G.B. Patent 2,227,752A teaches that cetane number of a hydrocarbon-based fuel is increased by the addition of a minor amount of a parketal of the formula R.sub.2 R.sub.3 C(OOR.sub.1).sub.2 wherein R.sub.1 is a C.sub.4 -C.sub.10 tertiary alkyl group and R.sub.2 and R.sub.3 together with the attached C atom form a cycloalkane ring optionally substituted by one or more C.sub.1 -C.sub.4 alkyl radicals or other essentially inert substituents. The perketal is not used in combination with an alkyl nitrate.
Patent EP0537931 discloses a fuel composition for reducing emissions on combustion consisting of a middle distillate fuel, organic nitrate combustion improver and a tert-alkyl peroxyalkanoate or peroxybenzoate.
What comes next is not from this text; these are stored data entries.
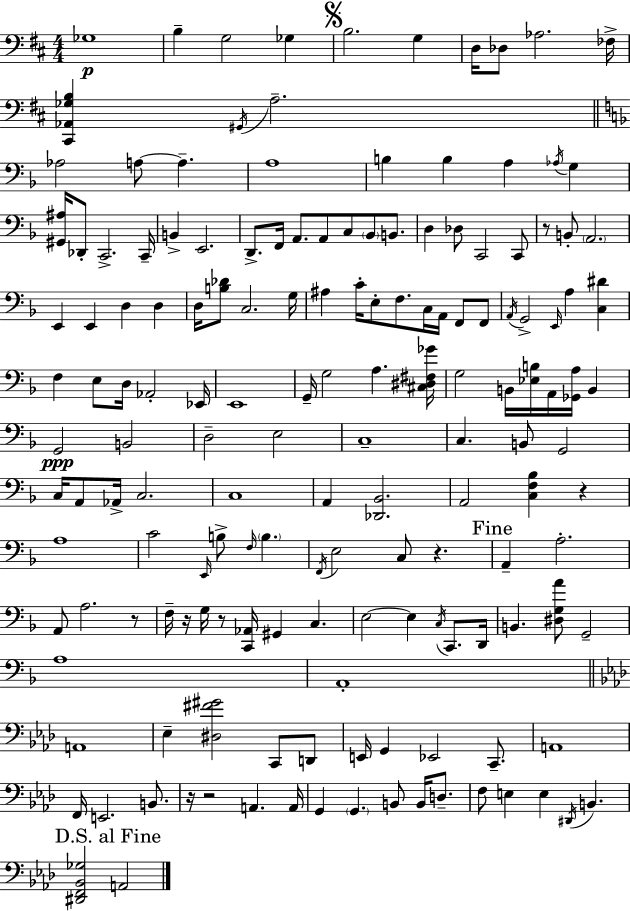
{
  \clef bass
  \numericTimeSignature
  \time 4/4
  \key d \major
  ges1\p | b4-- g2 ges4 | \mark \markup { \musicglyph "scripts.segno" } b2. g4 | d16 des8 aes2. fes16-> | \break <cis, aes, ges b>4 \acciaccatura { gis,16 } a2.-- | \bar "||" \break \key d \minor aes2 a8~~ a4.-- | a1 | b4 b4 a4 \acciaccatura { aes16 } g4 | <gis, ais>16 des,8-. c,2.-> | \break c,16-- b,4-> e,2. | d,8.-> f,16 a,8. a,8 c8 \parenthesize bes,8 b,8. | d4 des8 c,2 c,8 | r8 b,8-. \parenthesize a,2. | \break e,4 e,4 d4 d4 | d16 <b des'>8 c2. | g16 ais4 c'16-. e8-. f8. c16 a,16 f,8 f,8 | \acciaccatura { a,16 } g,2-> \grace { e,16 } a4 <c dis'>4 | \break f4 e8 d16 aes,2-. | ees,16 e,1 | g,16-- g2 a4. | <cis dis fis ges'>16 g2 b,16 <ees b>16 a,16 <ges, a>16 b,4 | \break g,2\ppp b,2 | d2-- e2 | c1-- | c4. b,8 g,2 | \break c16 a,8 aes,16-> c2. | c1 | a,4 <des, bes,>2. | a,2 <c f bes>4 r4 | \break a1 | c'2 \grace { e,16 } b8-> \grace { f16 } \parenthesize b4. | \acciaccatura { f,16 } e2 c8 | r4. \mark "Fine" a,4-- a2.-. | \break a,8 a2. | r8 f16-- r16 g16 r8 <c, aes,>16 gis,4 | c4. e2~~ e4 | \acciaccatura { c16 } c,8. d,16 b,4. <dis g a'>8 g,2-- | \break a1 | a,1-. | \bar "||" \break \key f \minor a,1 | ees4-- <dis fis' gis'>2 c,8 d,8 | e,16 g,4 ees,2 c,8.-- | a,1 | \break f,16 e,2. b,8. | r16 r2 a,4. a,16 | g,4 \parenthesize g,4. b,8 b,16 d8.-- | f8 e4 e4 \acciaccatura { dis,16 } b,4. | \break \mark "D.S. al Fine" <dis, f, bes, ges>2 a,2 | \bar "|."
}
U.S. Pat. No. 5,114,433 describes a process for improving the cetane number of a directly distilled diesel fuel by intimately contacting same with hydrogen peroxide in the presence of carboxylic acid or with a percarboxylic acid in the presence or absence of hydrogen peroxide.
G.B. Patent 2,227,751A discloses a hydrocarbon-based fuel to which has been added a minor amount, sufficient to increase the cetane value of the fuel, of a perester of the formula R.sub.1 COOOR.sub.2 where R.sub.1 is a C.sub.5 -C.sub.20 secondary or tertiary alkyl group and R.sub.2 is a C.sub.4 -C.sub.10 tertiary alkyl group.
U.S. Pat. No. 4,365,973 discloses a middle distillate fuel additive composition to improve cold flow properties, cetane, pour point, wax formation and anti-icing characteristics and comprising a cold flow improver, preferably vinyl acetate-ethylene copolymer, a cetane improver comprising paraffinic nitrate or a mixture of nitrates and an anti-icer comprising an aliphatic alcohol or cyclic aliphatic alcohol having from 1 to 6 carbon atoms.
EP 467,628 discloses a middle distillate composition to reduce atmospheric pollutants (NOx, CO and/or hydrocarbons). the fuels incorporate a peroxy ester combustion improver of the formula (R--O--O--(CO)).sub.n R.sup.1 where R and R.sup.1 are both hydrocarbyl groups. Suitable peroxy esters include tert-butyl peroxydodecanoate, di-(tert-butyldiperoxy) phthalate and 1,1-dimethylpropylperoxy benzoate. The peroxy ester is used in combination with an organic nitrate ester such as 2-ethylhexyl nitrate.
U.S. Pat. No. 4,330,304 discloses a fuel additive for improving the combustion efficiency of fuels for diesel engines, jet engines, boilers and other apparatus. The additive comprises a hydroperoxide such as cumene hydroperoxide, a nitroparaffin and propylene oxide.
EP 293,069 discloses a cetane improver comprising tetralin hydroperoxide. The cetane improver is produced by partially hydrogenating a naphthalene or alkyl naphthalene-containing hydrocarbon oil to obtain tetralins, which are then partially oxidized to produce a hydrocarbon oil containing tetraline hydroperoxides.
U.S. Pat. No. 5,258,049 discloses a diesel fuel containing the nitric acid ester of 1-phenyl ethanol as cetane improver.